◆ **Data section**
•••••
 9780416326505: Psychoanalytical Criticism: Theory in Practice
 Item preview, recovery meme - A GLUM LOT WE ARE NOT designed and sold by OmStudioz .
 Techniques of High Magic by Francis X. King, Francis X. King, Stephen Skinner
•••••
◆ **Your instructions**
Only the lines from the one containing "Item preview, recovery" through the end of the data above are wanted, both ends included; restate them word for word.

◆ **Solution to the exercise**
 Item preview, recovery meme - A GLUM LOT WE ARE NOT designed and sold by OmStudioz .
 Techniques of High Magic by Francis X. King, Francis X. King, Stephen Skinner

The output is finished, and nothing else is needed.